A 24-year old woman has died after falling 160 feet from the brink of Rainbow Falls, a waterfall located on the Horsepasture River in North Carolina’s Gorges State Park.

According to Lake Toxaway’s Deputy Fire Chief Bobby Cooper, the search for the young woman—who was apparently swimming at a popular hole up river of the falls when she was taken under by the current— was initiated around 4 P.M. Thursday afternoon, but her body was not recovered until approximately 8:30 P.M that evening.

Rainbow Falls is located in a remote section of Gorges State Park, which sits near Lake Toxaway and the small town of Sapphire, NC. Access requires a 1.5 mile hike from the Grassy Ridge parking lot.

Rescuers reportedly carried the young woman’s body out of the woods after a high angle rope team recovered her from the Horsepasture River immediately below the falls.

The woman’s name is not being released at this time.

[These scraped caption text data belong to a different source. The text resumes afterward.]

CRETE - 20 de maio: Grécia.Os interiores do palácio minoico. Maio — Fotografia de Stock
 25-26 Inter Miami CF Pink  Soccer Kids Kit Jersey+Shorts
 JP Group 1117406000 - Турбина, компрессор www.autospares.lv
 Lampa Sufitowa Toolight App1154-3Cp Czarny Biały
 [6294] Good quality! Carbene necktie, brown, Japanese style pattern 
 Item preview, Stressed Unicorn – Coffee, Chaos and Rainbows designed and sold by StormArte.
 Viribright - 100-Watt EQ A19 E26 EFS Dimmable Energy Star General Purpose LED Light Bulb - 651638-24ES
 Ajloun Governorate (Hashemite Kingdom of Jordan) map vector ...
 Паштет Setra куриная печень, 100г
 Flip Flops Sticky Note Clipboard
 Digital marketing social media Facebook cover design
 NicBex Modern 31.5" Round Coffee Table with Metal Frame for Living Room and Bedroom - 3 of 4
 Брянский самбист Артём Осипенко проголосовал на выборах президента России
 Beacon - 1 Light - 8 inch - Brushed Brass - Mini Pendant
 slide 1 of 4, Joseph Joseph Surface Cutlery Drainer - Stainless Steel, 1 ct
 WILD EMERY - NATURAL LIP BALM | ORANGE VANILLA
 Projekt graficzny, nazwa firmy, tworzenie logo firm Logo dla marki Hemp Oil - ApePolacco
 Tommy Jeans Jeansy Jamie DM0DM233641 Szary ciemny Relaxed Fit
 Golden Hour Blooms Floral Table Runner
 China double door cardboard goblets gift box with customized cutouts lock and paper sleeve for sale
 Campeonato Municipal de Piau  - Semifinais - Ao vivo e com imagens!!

These types of accidents are not uncommon in the Blue Ridge Mountains. According to the Asheville Citizen Times, the Lake Toxaway Fire Department alone has responded to three waterfall fatalities since the beginning of 2016.

Earlier this month in Virginia, a father died while attempting to save his son at Cascade Falls in the Jefferson National Forest.

Waterfalls are beautiful natural features treasured throughout the region, but—as evidenced by recent and continued fatalities—they must be treated with the utmost respect.

Next time you head for the hills in search of waterfall fun, keep these tips from Transylvania County Land of Waterfalls close at hand.

1. Stay on developed trails and don’t stray from observation decks and platforms.

2. Follow instructions posted at all waterfalls and trails.

3.  Watch your footing. Dry rocks can be just as slippery as wet ones, especially those covered with algae.

4. The top of any waterfall is the most dangerous. Do not lean over a ledge at
the top of a falls.

5.  Watch children carefully. Children should always be under the immediate supervision of adults when visiting any falls. Pets should also be supervised. They can easily underestimate the slickness of rocks and the flow of water.

6.  Be especially careful when you are taking photographs. Many times, photographers become more focused on taking a photo rather than securing their footing. Make sure you are in a safe, solid location before taking photographs.

7.  To insure your safety on the rocks and trails, never visit waterfalls or hike alone.

8. Bring your cell phone in case you need to make a call for assistance.